Transcendence

Transcendent? Not so much. But hey, at least it tries...


Wally Pfister has spent years becoming one of the most renowned and sought after cinematographers in Hollywood - he started off making straight-to-video erotic thrillers and ended up as Christopher Nolan's right hand man on Inception and the Dark Knight trilogy - so it's rather disheartening to see just how quickly he crashed and burned in his first time in the director's chair. This isn't to say that he won't go on to great things (the raw talent is clearly there) but Transcendence was savaged by most critics and greeted with deafening apathy by audiences in both the US and the UK. Things are hardly much better here. Despite opening up against no real competition, the film has stalled at number 7 in its opening weekend.

As for whether the film deserves the reception it has received, well, it's complicated. It is not, for a start, anywhere near the worst film as the year. Hell, it's not even remotely close to being the worst science fiction movie of the year. What it is, is a disappointment. It's a film with a strong cast, an interesting premise and a director who brings more technical skill and know-how to the proceedings than most first timers, but it is ultimately incredibly unsatisfying and, dare I say it, more than a little dull.

The story it tells is, admittedly, hardly original. Will Caster (Johnny Depp in understated, perhaps even uninteresting form) is a brilliant scientist who specializes in artificial intelligence and comes to realize that the only way to survive a particularly vicious case of radiation poisoning, is to allow his body to die but to live on by transferring his consciousness into an advanced computer. It's a sci-fi premise we've seen plenty of times but there's a reason why it is as well trod as it is. This quite simple idea opens up plenty of rich themes to delve into as it questions the nature of humanity, explores the relationship between consciousness and the soul and draws a line connecting the relationships between man and machine and man and God.

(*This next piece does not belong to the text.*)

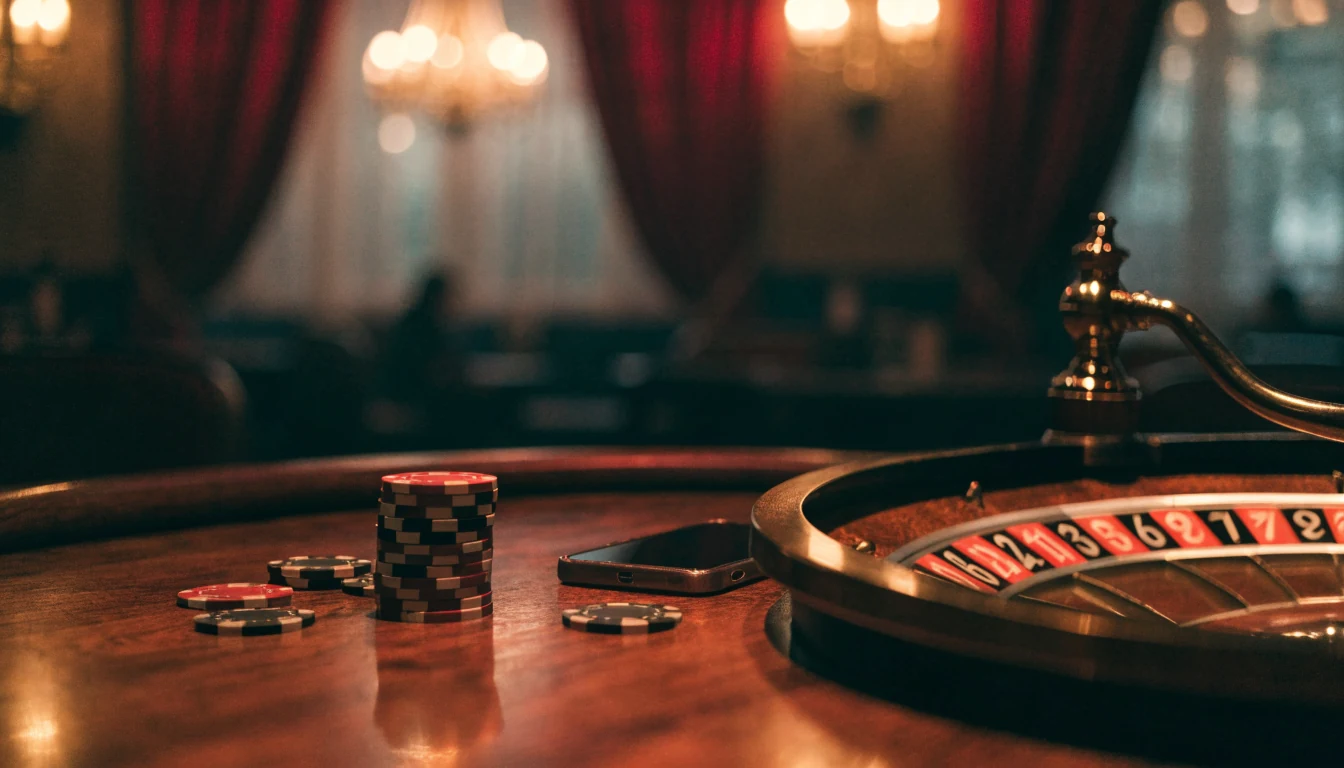 UK Online Casinos with Big Jackpot Slots: What to Check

These themes have been tackled in everything from countless episodes of Star Trek to Blade Runner to the Lawnmower Man but never better than in Philip K Dick's mind-bending The Three Stigmata of Palmer Eldritch and Dan Simmons' Fall of Hyperion. The problem with Transcendence isn't that it doesn't explore these themes or even that it doesn't explore them quite as well as two of the greatest science fiction novels of all time, but it's that it quickly loses interest in such intriguing ideas and instead turns into a rather badly thought out monster movie where Caster's consciousness - or is it? - grows a god complex and starts experimenting with nano-technology and enslaved humans.

The film is, as you probably would have guessed, beautifully shot and competently put together but it wastes its perfectly promising potential even more than it wastes its very talented cast on largely uninteresting characters. Rebecca Hall, as Will's loving and equally genius wife, is the only one who really gets very much to do and she all but single-handedly holds the film together but would that we could say the same about the (very talented) likes of Morgan Freeman, Paul Bettany and Kate Mara. 

And again, such a weakness could at least have been somewhat forgiven had the film worked on an ideas level - after all, plenty of excellent science fiction writers are given a pass on weak characterization or prose stylings based on the strength of their ideas - but Transcendence lets itself down by going the easy, less interesting route,

Considering just how ordinary and how safe the film is, its title takes on a whole level of irony that probably wasn't intended in the first place.